Decyzję podjęła rada nadzorcza niemieckiej kolei uznając, że zatrzymanie inwestycji byłoby ekonomicznie nieuzasadnione. Bardziej opłaca się dokończyć budowę, mimo że jej koszty przekroczą pierwotne założenie o 40 procent, czyli prawie 2 mld euro.

Wciąż nie wiadomo jednak, skąd wziąć na to pieniądze. W ostatnich latach sprawą dworca w Stuttgarcie żyły niemal całe Niemcy. Na placu budowy regularnie odbywały się protesty mieszkańców sprzeciwiających się kosztownej i niepotrzebnej - ich zdaniem - inwestycji. Dochodziło nawet do starć z policją - we wrześniu 2010 roku po interwencji funkcjonariuszy rannych zostało ponad 100 osób.

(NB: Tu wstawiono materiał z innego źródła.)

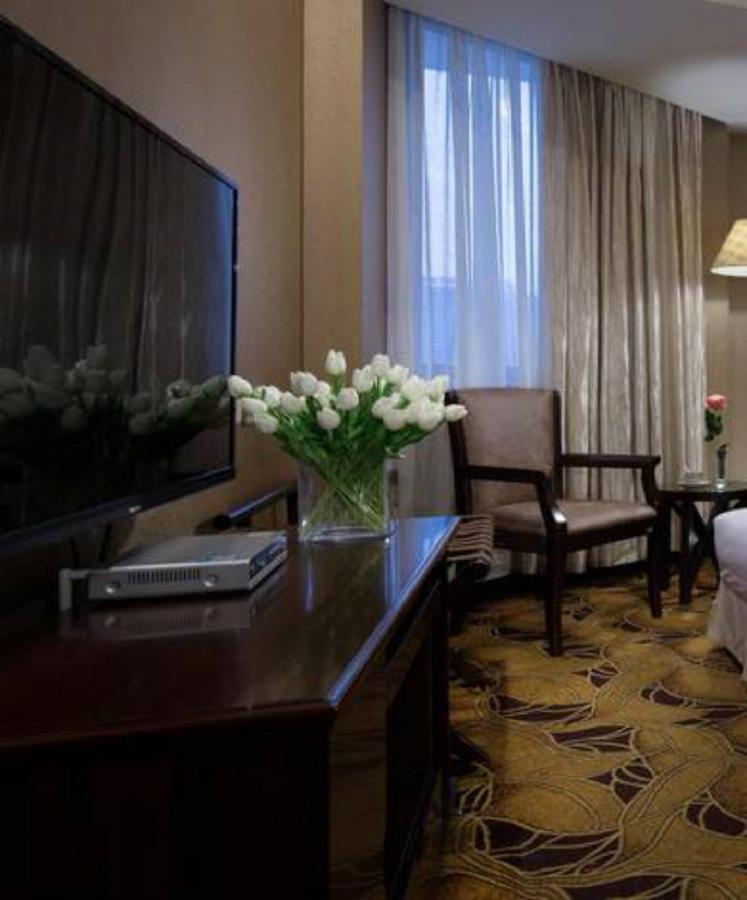 Wanxing Hotel Chao Yang Square Branch Nanning Bagian luar foto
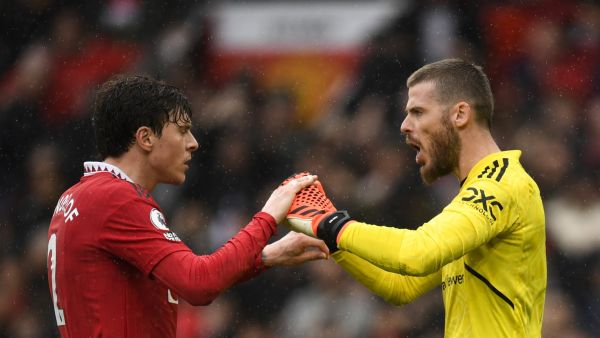 Manchester United's Swedish defender Victor Lindelof (L) and Manchester United's Spanish goalkeeper David de Gea celebrate at the end of the English Premier League football match between Manchester United and Aston Villa at Old Trafford in Manchester, north west England, on April 30, 2023. Manchester United won 1 - 0 against Aston Villa. (Photo by Oli SCARFF / AFP)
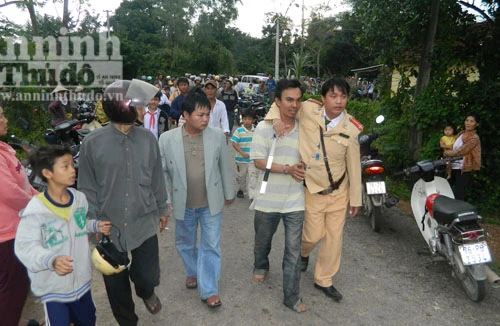  Khởi tố 2 lâm tặc ném gỗ quý chống Cảnh sát giao thông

Budowa dworca w Stuttgarcie to nie jedyna duża inwestycja w Niemczech, której koszty wymknęły się spod kontroli. Miliardy euro więcej niż planowano będzie kosztować także nowe lotnisko w Berlinie. Podobne problemy ma też Hamburg, gdzie od sześciu lat budowana jest nowa filharmonia. Jej koszty przekroczą szacunki o kilkaset procent.